When any piece of software requests a web page, it identifies itself with a “user-agent header,” which is just a bit of text usually containing the browser version, operating system, etc. Bots and crawlers use this field to tell you who they are and why they’re there.
It’s just text. A developer can make it say anything. As such, there’s been some scare-mongering about nefarious actors impersonating “good bots” to cover for bad actions, but diving into the data, I see no evidence of significant user-agent fraud along those lines.
This analysis examined the unfiltered clickstream across the Pantheon platform, tallying up successful requests for web pages where there was either a self-identified bot user agent, or else an unusually high ratio of requests per source, indicating that the source may be spidering (or attempting to attack) sites on the platform.
Here’s the breakdown of (potentially) inorganic traffic from the analysis:
To get at this “stealth bot” problem, I compared the total requests from known bot user agents with those that had a non-bot user agent but a high rate of page requests.

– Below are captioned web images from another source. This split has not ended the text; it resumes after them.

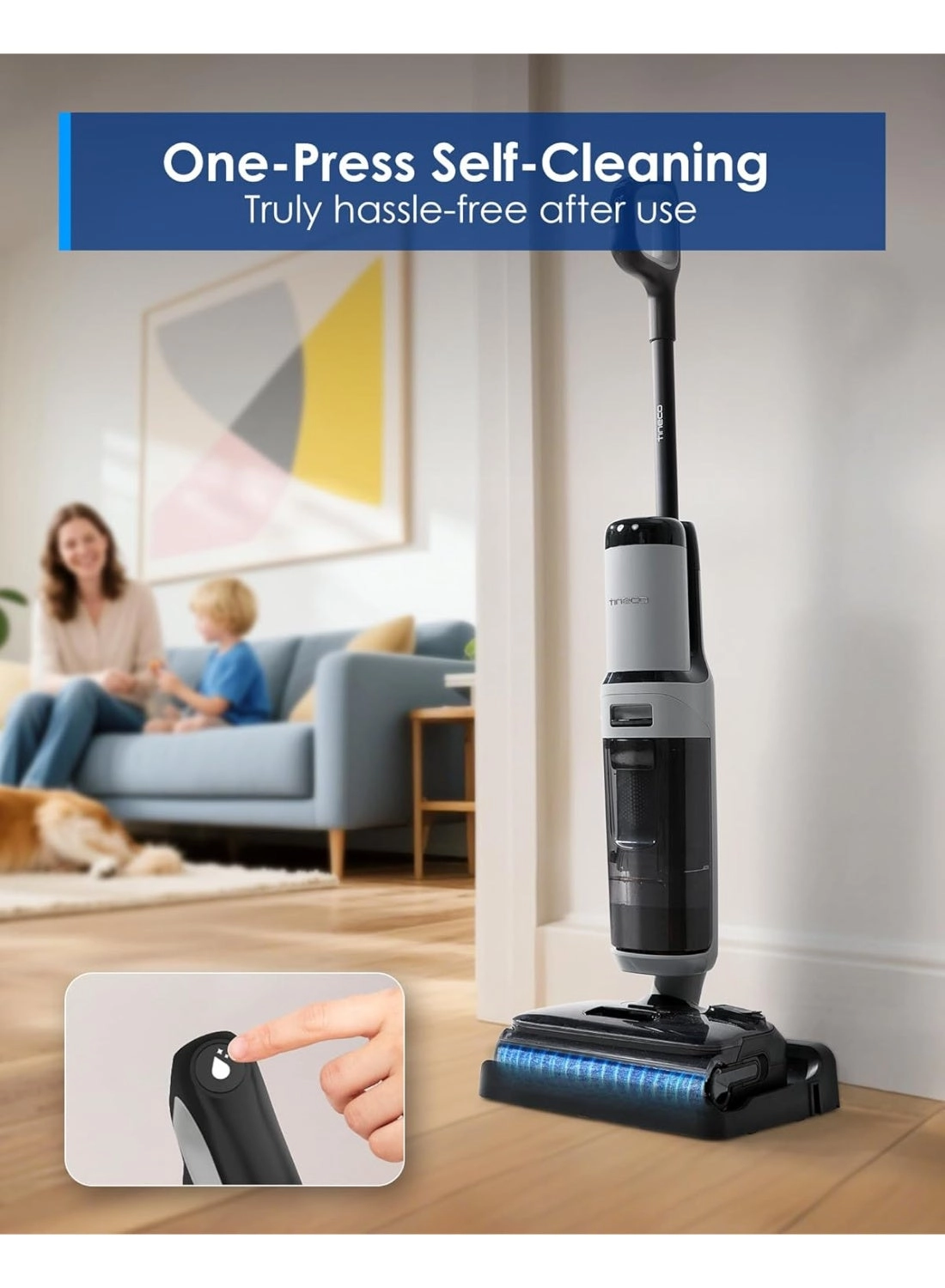 Floor One i5 Stretch (FW441700AE)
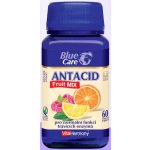 VitaHarmony Antacid Fruit Mix Pomeranč citron malina 60 žvýkacích tablet – Hledejceny.cz
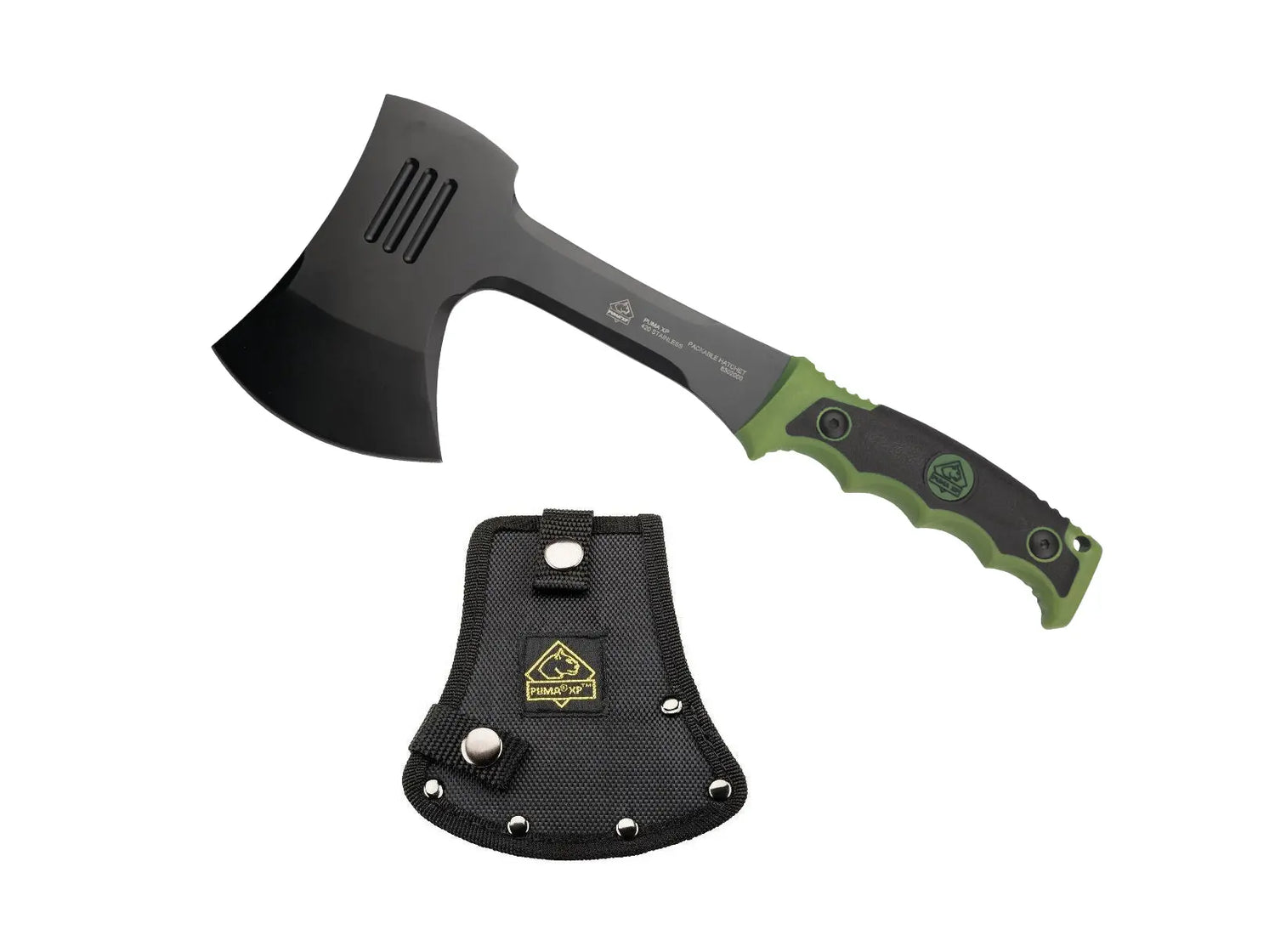 PUMA XP packable hatchet, Beil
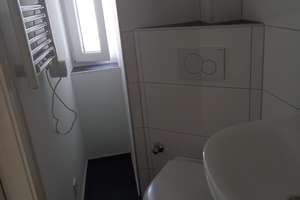 1-Zimmer Wohnung mit Balkon in Toplage zu bezahlbarem Preis   reis – Kaiserstr. 102, 47800 Bockum, Krefeld – Vorschaubild 5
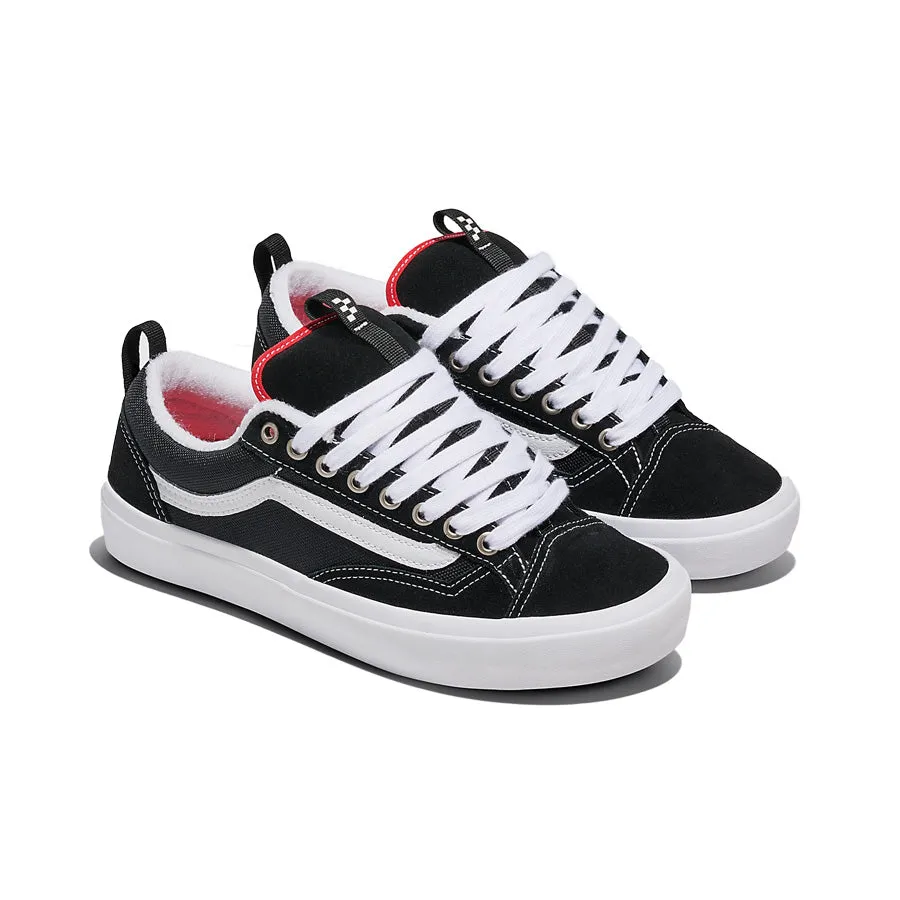 Vans Skate Old Skool 36   - Black/White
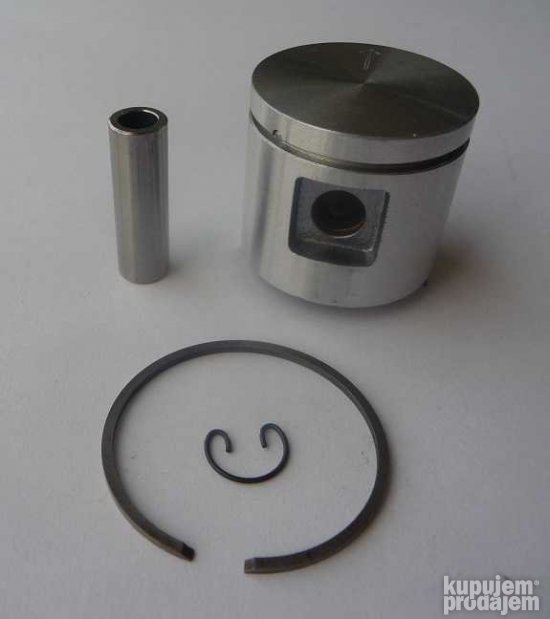 Klip Indija S 011 38mm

This is the “suspicious” bucket.
This represents just over a third of all traffic in the sample. Don’t get me wrong, that’s a lot, but it’s also a far cry from the 99% FUD metric. It’s also not 37% of all requests since we’re singling out potentially inorganic traffic patterns, and when you look deeper into this bucket, it turns out to be a bit of a mixed bag.
For instance, one source self-identified as a very outdated browser that requested 140M pages from just 44 network addresses in a few days. That’s… probably not human.
Others are harder to pin down and could be the result of desired or authentic activity. For instance, corporate networks and VPNs collapse the apparent source of traffic to just a few IPs, and IT-managed software can result in a huge number of employees all running the exact same (though more current) version of Chrome.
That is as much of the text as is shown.